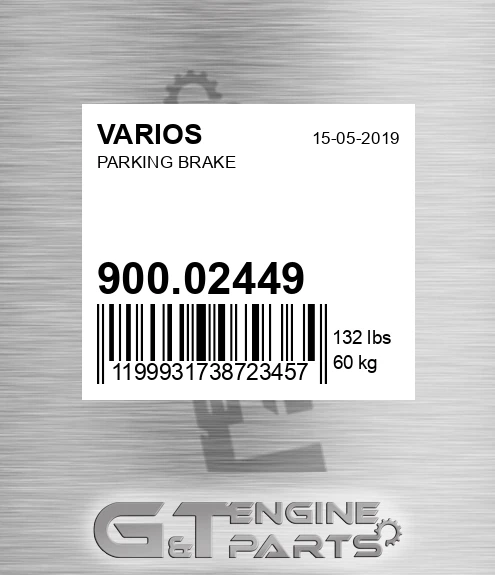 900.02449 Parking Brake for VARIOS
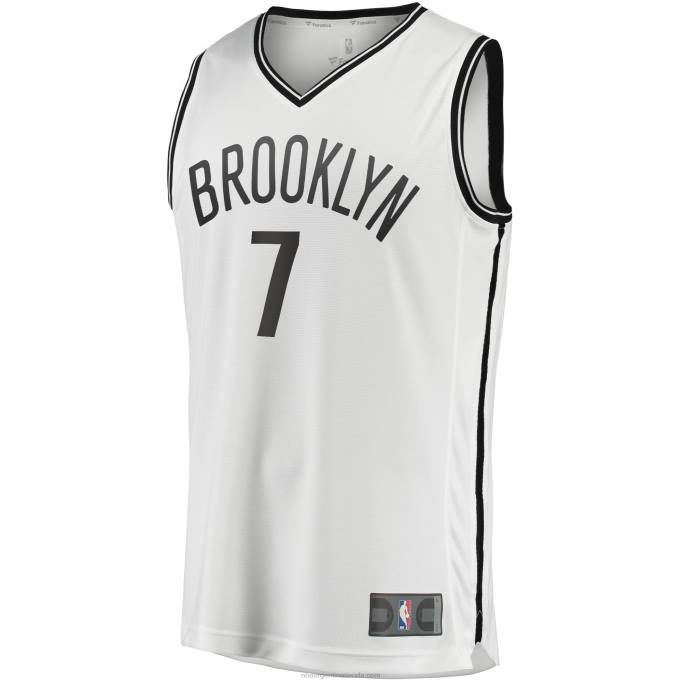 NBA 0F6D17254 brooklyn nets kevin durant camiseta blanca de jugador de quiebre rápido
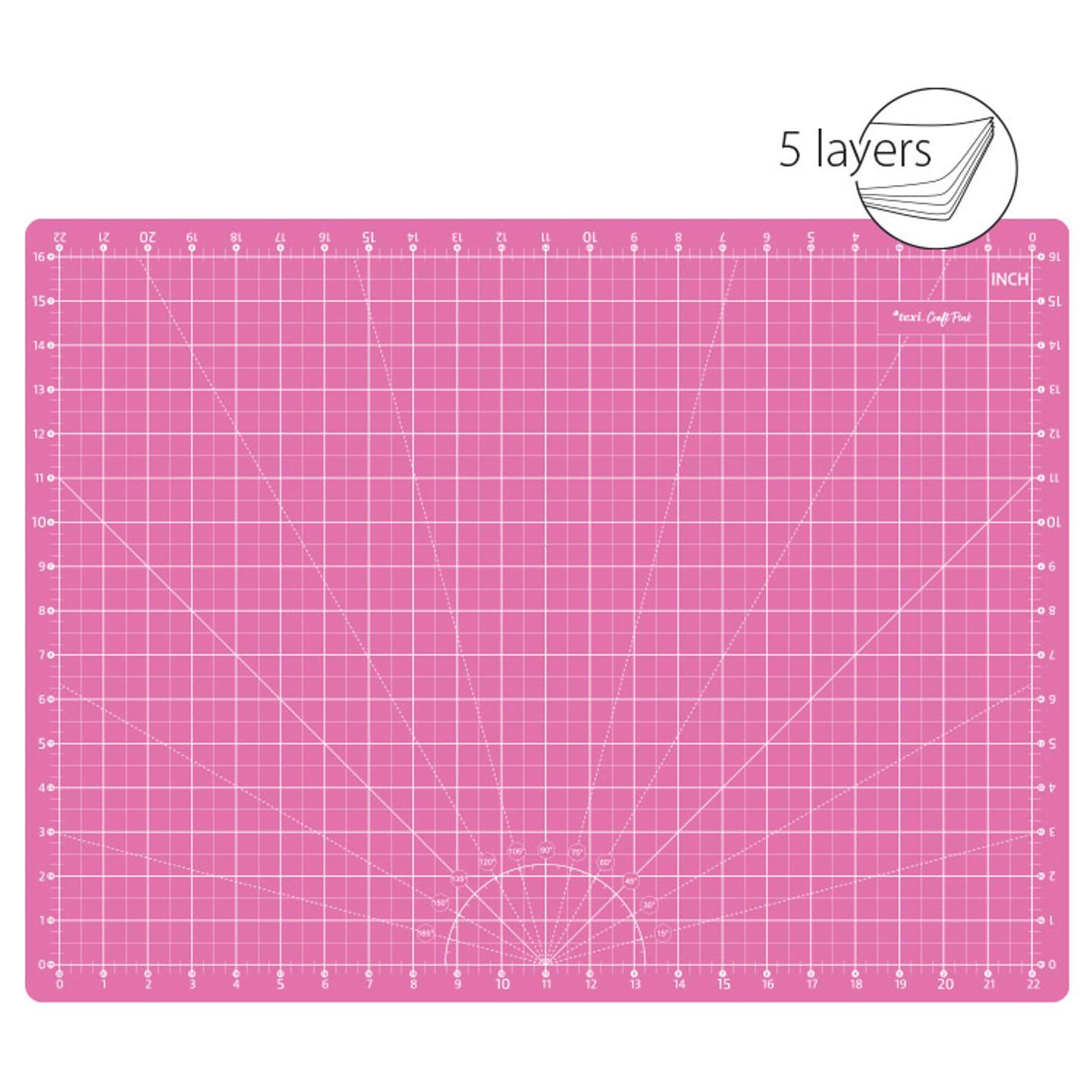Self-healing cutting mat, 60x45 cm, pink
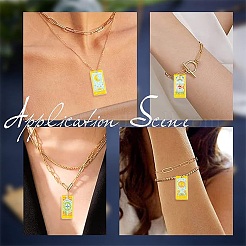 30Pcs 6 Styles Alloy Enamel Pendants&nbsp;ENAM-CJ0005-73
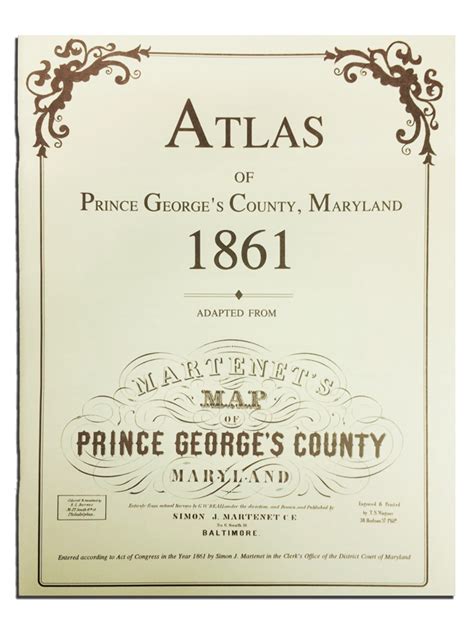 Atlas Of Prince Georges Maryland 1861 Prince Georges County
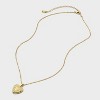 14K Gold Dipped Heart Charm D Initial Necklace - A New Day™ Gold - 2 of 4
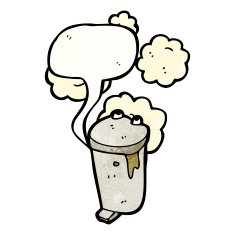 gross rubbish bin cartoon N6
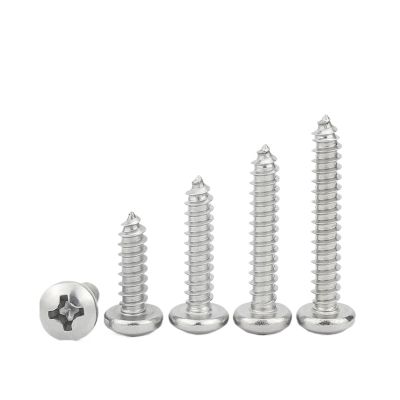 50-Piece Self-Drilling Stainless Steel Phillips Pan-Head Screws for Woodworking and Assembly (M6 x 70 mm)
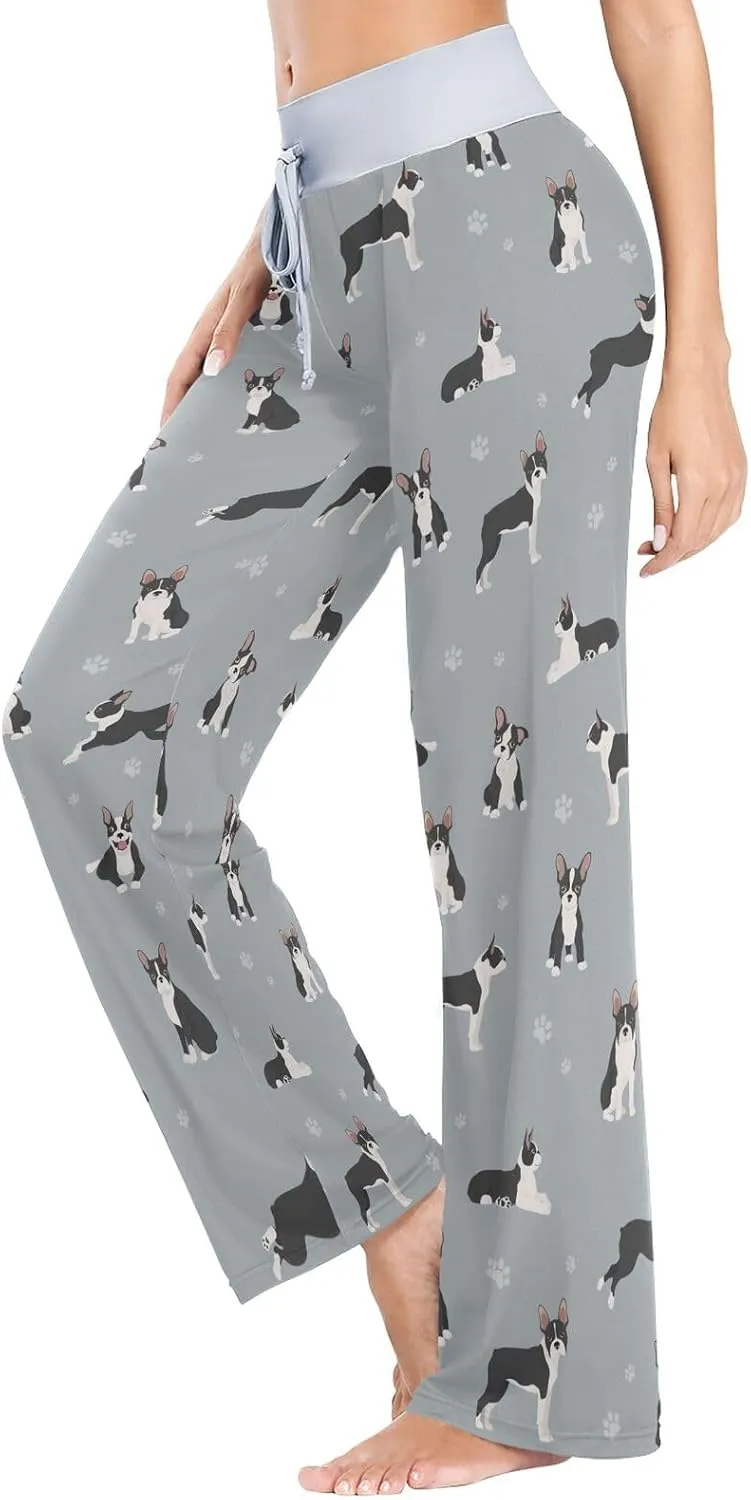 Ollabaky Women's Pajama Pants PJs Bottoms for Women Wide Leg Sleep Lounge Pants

= Exercise brief =
Copy the entries exactly. Leave out the images.

= Output below =
 900.02449 Parking Brake for VARIOS
 NBA 0F6D17254 brooklyn nets kevin durant camiseta blanca de jugador de quiebre rápido
Self-healing cutting mat, 60x45 cm, pink
 30Pcs 6 Styles Alloy Enamel Pendants&nbsp;ENAM-CJ0005-73
 Atlas Of Prince Georges Maryland 1861 Prince Georges County
 14K Gold Dipped Heart Charm D Initial Necklace - A New Day™ Gold - 2 of 4
 gross rubbish bin cartoon N6
 50-Piece Self-Drilling Stainless Steel Phillips Pan-Head Screws for Woodworking and Assembly (M6 x 70 mm)
 Ollabaky Women's Pajama Pants PJs Bottoms for Women Wide Leg Sleep Lounge Pants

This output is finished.